I’m slamming my head over this more than two weeks… Maybe someone can help…
The big problem is that I have several VLANs so I can’t get away with single srcnat or single static route. Also IPSec tunnel + bridge with VLANs doesn’t make this any easier…
The only thing I can think of is some kind of dynamic Firewall rule or Dynamic route (which would see from WHAT VLAN DHCP request came in and then on firewall rules I could srcnat to specific VLAN Gateway). I tried to achieve this (dynamic firewall rule) by using prerouting Mangle which tags connection (I did this successfully) but srcnat never sees Market connection (If I try to use it in srcnat rule). I guess that there are two traffics (DHCP-client->DHCP-Relay and DHCP-Relay->DHCP-Server)? Maybe I made a mistake with Mangle because this is the first time I’m messing with it? I’m not sure..
Sorry if my explanation is vague because I’m very green at this. Three months ago was the first time I even touched the MT.
Maybe someone has some thoughts what to do (how to use Mangle with srcnat)?
I’m not sure why you should need a specific src-nat rule per each source VLAN.
When a DHCP relay receives a packet from a DHCP client, it forwards the information from that packet to the DHCP server in a locally originated unicast packet and inside this new packet there is the IP address of the interface through which the relay has received the request from the client, so the server can identify the right pool based on that payload information.
So you do need to configure one dhcp-relay per each VLAN interface, but all the relays may talk to the same DHCP server from the same local address as the source address of the relayed D,R packets carries no information relevant for the DHCP server and you only need to change it so that the IPsec policy would match those packets.
Instead of the src-nat rule, you can use a dedicated route only to the IP address of the server and set the pref-src of that route to any local address which will make it match the IPsec policy. The gateway of that route is not important because the IPsec policy will steal the packet anyway.

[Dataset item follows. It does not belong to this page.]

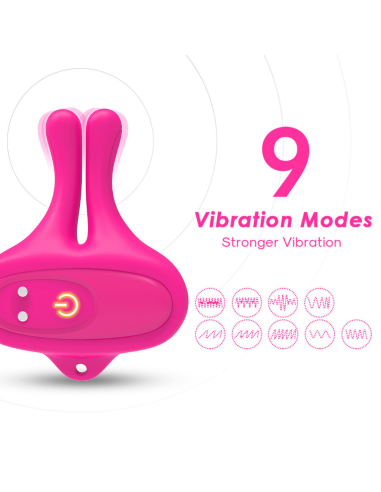 ARMONY - PINZAS PARA PEZONES MAGNÉTICA CON VIBRACIÓN FORMA CONEJO ROSA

One thing you cannot do is to run the DHCP server on the same Mikrotik where the IPsec tunnel ends, as locally originated DHCP server responses are not offered to IPsec policies for matching (confirmed a couple of months before by Mikrotik support and no signs of changing that in version changelogs ever since then), but this does not seem to bother you as your DHCP server is an external one.
For this reason (and similar problems) I always advise not to use plain IPsec tunnels, but to use a tunnel interface over IPsec transport.
I.e. create a GRE or IPIP tunnel and select IPsec for it.
Then put a /30 network address at each end of the tunnel, and route your networks via those IPs either statically or by using a routing prototocol like BGP or OSPF.
This is so much easier to manage, so much easier to extend when you get more sites, and because there is an explicit interface for the tunneled traffic it avoids this
kind of problems.
Unfortunately in the end of this complex scenario we couldn’t pass DHCP relay data packets from different VLANs which are a part of the same bridge and we had to move away from Mikrotik solution to more expensive ones.